Los psicólogos han estudiado a 135 parejas heterosexuales desde que estaban recién casadas hasta cuatro años después, haciéndoles un examen cada seis meses durante ese periodo. Cada vez les han preguntado —por supuesto, a cada miembro de la pareja por separado— sus sentimientos explícitos sobre el cónyuge. Pero también han medido, con los trucos enrevesados típicos de la psicología experimental, sus sensaciones viscerales sobre su pareja, la clase de sentimiento que no se revela filtrada ni metabolizada por la razón, sino que surge virgen y brutal de las capas más oscuras de nuestro cerebro profundo o reptiliano.

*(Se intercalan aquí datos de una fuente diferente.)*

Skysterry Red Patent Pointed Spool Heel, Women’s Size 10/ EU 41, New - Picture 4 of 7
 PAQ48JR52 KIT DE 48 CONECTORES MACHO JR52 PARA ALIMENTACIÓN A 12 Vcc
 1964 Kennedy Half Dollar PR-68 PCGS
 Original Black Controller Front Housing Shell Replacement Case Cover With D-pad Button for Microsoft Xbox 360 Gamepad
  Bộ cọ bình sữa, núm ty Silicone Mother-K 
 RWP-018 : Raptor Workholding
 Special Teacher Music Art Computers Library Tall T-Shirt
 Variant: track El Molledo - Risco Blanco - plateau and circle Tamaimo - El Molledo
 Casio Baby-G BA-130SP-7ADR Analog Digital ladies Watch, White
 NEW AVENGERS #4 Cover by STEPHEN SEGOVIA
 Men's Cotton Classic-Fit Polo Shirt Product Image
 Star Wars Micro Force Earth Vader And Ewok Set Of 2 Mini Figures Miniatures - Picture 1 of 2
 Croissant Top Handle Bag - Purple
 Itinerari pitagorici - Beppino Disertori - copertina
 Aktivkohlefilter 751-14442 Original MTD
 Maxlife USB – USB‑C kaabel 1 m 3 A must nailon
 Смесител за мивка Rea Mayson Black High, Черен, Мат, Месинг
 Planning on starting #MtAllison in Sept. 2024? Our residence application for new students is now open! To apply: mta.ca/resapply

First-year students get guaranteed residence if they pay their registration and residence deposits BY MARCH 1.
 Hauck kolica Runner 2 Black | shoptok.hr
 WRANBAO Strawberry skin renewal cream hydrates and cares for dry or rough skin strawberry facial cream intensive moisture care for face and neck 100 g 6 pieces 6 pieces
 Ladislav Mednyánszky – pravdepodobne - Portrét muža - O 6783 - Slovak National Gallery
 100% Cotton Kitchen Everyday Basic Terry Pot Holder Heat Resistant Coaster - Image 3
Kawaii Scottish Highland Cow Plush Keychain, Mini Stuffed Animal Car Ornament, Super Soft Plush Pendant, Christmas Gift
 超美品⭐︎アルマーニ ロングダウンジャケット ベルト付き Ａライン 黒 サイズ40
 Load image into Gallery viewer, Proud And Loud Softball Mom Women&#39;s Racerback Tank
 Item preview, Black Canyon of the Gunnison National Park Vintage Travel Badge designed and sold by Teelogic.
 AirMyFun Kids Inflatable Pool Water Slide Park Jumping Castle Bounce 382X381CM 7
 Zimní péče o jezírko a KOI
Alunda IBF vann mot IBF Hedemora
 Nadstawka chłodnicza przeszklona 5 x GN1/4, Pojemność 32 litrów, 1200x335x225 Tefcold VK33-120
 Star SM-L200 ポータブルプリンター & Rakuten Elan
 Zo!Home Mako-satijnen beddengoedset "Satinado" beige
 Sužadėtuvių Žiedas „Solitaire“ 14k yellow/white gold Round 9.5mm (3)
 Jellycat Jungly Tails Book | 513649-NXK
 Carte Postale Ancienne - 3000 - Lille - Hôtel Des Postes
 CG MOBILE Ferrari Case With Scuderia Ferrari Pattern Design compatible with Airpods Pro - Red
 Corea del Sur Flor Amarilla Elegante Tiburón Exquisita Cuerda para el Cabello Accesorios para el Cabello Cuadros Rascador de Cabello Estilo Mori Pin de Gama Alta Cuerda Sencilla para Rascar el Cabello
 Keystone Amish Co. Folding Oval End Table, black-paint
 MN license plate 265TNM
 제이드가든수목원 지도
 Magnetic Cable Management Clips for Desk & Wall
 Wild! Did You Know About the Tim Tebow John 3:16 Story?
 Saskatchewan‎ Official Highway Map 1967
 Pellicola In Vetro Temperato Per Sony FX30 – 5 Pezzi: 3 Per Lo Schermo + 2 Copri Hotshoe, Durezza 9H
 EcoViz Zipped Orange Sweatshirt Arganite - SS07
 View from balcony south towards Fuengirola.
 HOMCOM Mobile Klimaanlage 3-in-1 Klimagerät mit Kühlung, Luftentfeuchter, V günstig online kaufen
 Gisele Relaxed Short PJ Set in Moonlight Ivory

Por ejemplo, los investigadores muestran al sujeto una foto de su cónyuge durante solo 300 milisegundos (menos de un tercio de segundo) seguida rápidamente por una palabra como “imponente” o “genial”, o bien por una como “horrible” o “espantoso”. El sujeto tiene que decir (pulsando una tecla) si la imagen va bien con la palabra o no. Los psicólogos experimentales tienen bien documentado que, en esas condiciones, el tiempo de reacción delata las sensaciones viscerales, o sentimientos automáticos, del voluntario.
Si el sujeto realmente siente que su cónyuge es “imponente”, pulsa la tecla a la velocidad del rayo. No así en caso contrario, por más que jure y perjure. Son técnicas clásicas de los psicólogos para hurgar en nuestras entrañas más recónditas, en aquellas sensaciones que no queremos confesarnos ni a nosotros mismos.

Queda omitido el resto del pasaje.